An attorney for former Frankfort City Manager Keith Parker sent a letter “in the contemplation of potential litigation” to the city in late January, according to materials obtained by The State Journal through an open records request.

Parker was controversially fired in a 3-2 vote “without cause“ last year by the former city commission. Interim City Manager Tom Russell has filled the role since August. A search for the city’s next permanent city manager is underway.

Former Mayor Bill May and former Commissioners John Sower and Eric Whisman voted to fire Parker.

Parker told The State Journal this week that he has not applied for the open city manager position, nor does he intend to. The application portal closes on Sunday.

Parker’s legal counsel is another man named Bill May, of the Lexington-based firm Hurt, Deckard & May. He sent the letter to City Attorney Laura Ross warning the city and former commissioners of potential litigation.

The former city manager himself also said he reached out to Ross to let her know.

“We sent a standard letter asking them to preserve records as there may be future litigation,” Parker said. “I personally reached out to emphasize the pending litigation and suggested we try to work this out. Just ignoring the blatant defamation after the previous commission executed the termination ‘without cause‘ portion of my contract is not an option.”

The letter requested that the city preserve all records relevant to Parker's time as city manager.

“Please do not allow any evidence to be released and/or disposed of or amended in any manner without prior written consent from our firm,” May, the attorney, wrote.

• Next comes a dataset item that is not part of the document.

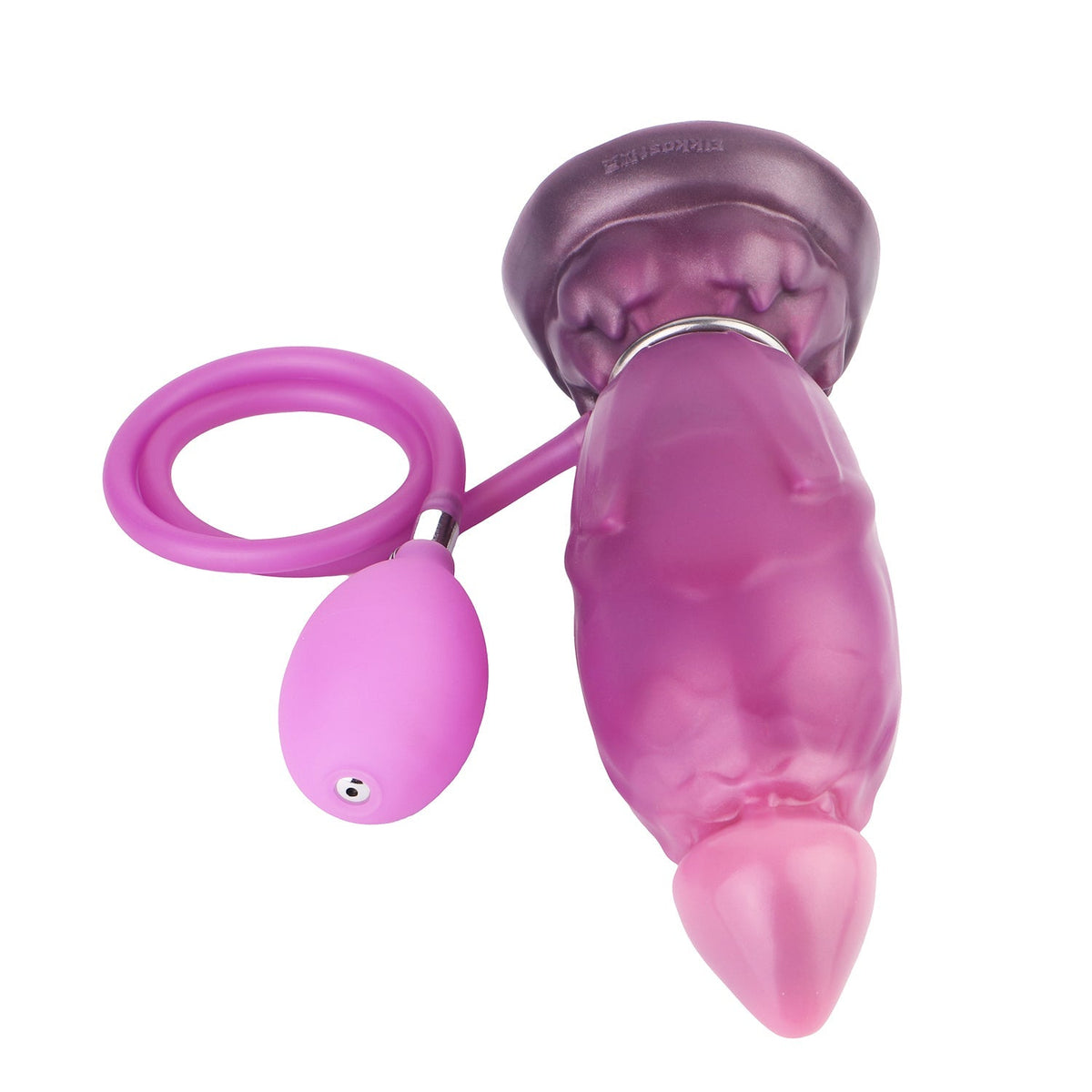 Roze Paarse Monster Textured Inflatable Butt Plug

City Clerk Chermie Maxwell responded to May in February that the city had taken immediate action to preserve the following:

  • Parker's city email drive, which includes around 31,000 emails.

  • All city emails referencing Parker in any way since his hire date as city manager in 2019, totaling approximately 200,000.
  • 11 open records request response packets related to Parker.

  • Personnel files related to Parker.

  • All responsive records kept on city-issued cellphones.

  • All other hard-copy documents related to Parker.

Maxwell said that one commissioner had not turned in his city-issued phone as of Tuesday afternoon.

Whisman said Tuesday that he was not aware of the letter and that he was working with city IT Director Bobby Ripy to get his phone turned in. Whisman said he did not often use the phone.

No former commissioners offered comment on the potential litigation, nor did former Mayor May.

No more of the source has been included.